## Assignment:
Would you reproduce exactly, and only, the lines starting at the one with "Viltstift STABILO Pen" and ending at the last line of the data, with both included? Leave the pictures out.

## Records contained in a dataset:
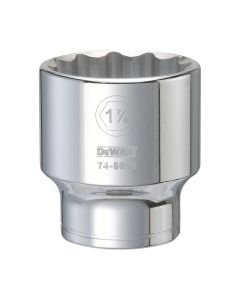 DEWALT Dwmt 12Pt 3/4In Dr Skt 1-7/8 SAE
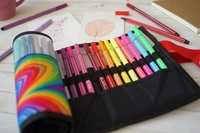 Viltstift STABILO Pen 68/25 Arty roletui medium assorti set à 25 stuks-2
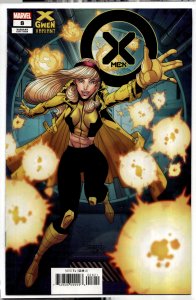 X-Men #8 Lubera Cover (2022) X-Men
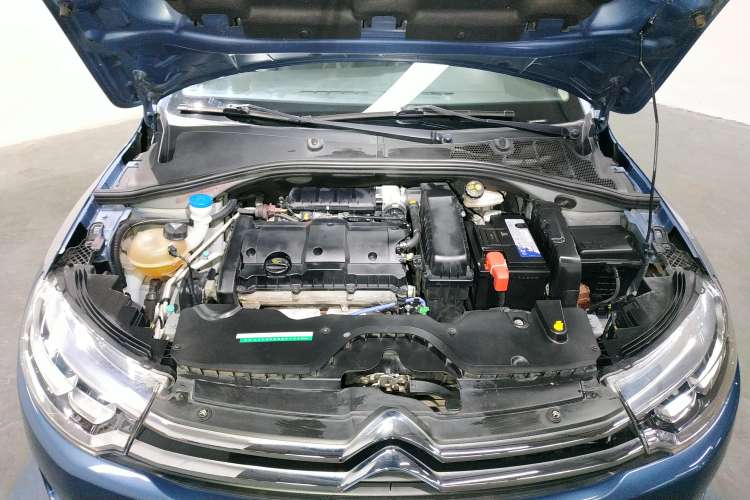 Used Citroen C3-XR 2015 1.6L Automatic Smart Version Engine Bay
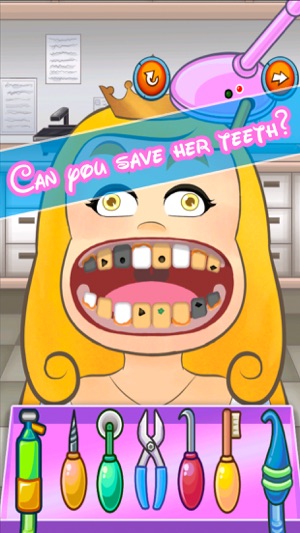 Little Princess - Crazy Dentist Office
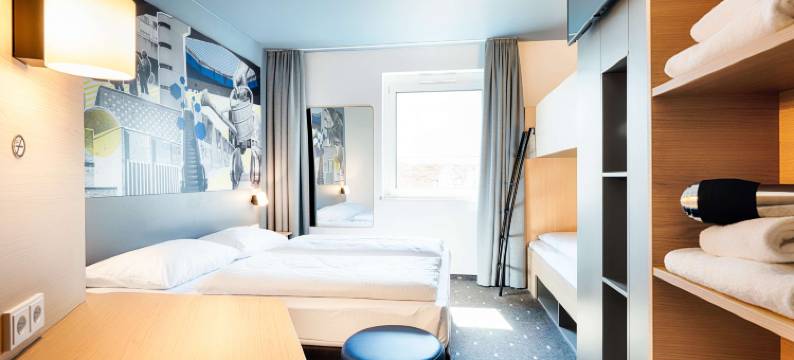 吉森城市B&B酒店(B&B HOTEL Gießen-City)图片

## Response area:
 Viltstift STABILO Pen 68/25 Arty roletui medium assorti set à 25 stuks-2
 X-Men #8 Lubera Cover (2022) X-Men
 Used Citroen C3-XR 2015 1.6L Automatic Smart Version Engine Bay
 Little Princess - Crazy Dentist Office
 吉森城市B&B酒店(B&B HOTEL Gießen-City)图片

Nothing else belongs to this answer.